What you should do: A stretch of the entries below is to be set down exactly, running from the line with "Digestion and Biogas" through the line with "Arulmigu Kulakarai Ayyanar Temple, Valanadu - 621305 Arulmigu", both included, and no other line.

Source material:
· · ·

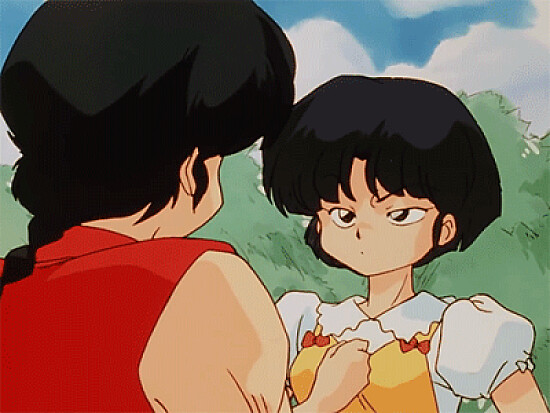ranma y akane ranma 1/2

· · ·

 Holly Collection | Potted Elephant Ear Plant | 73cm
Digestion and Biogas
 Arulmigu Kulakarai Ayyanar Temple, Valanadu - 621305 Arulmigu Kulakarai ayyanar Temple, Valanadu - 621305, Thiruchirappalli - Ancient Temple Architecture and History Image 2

· · ·

Response to the task:
Digestion and Biogas
 Arulmigu Kulakarai Ayyanar Temple, Valanadu - 621305 Arulmigu Kulakarai ayyanar Temple, Valanadu - 621305, Thiruchirappalli - Ancient Temple Architecture and History Image 2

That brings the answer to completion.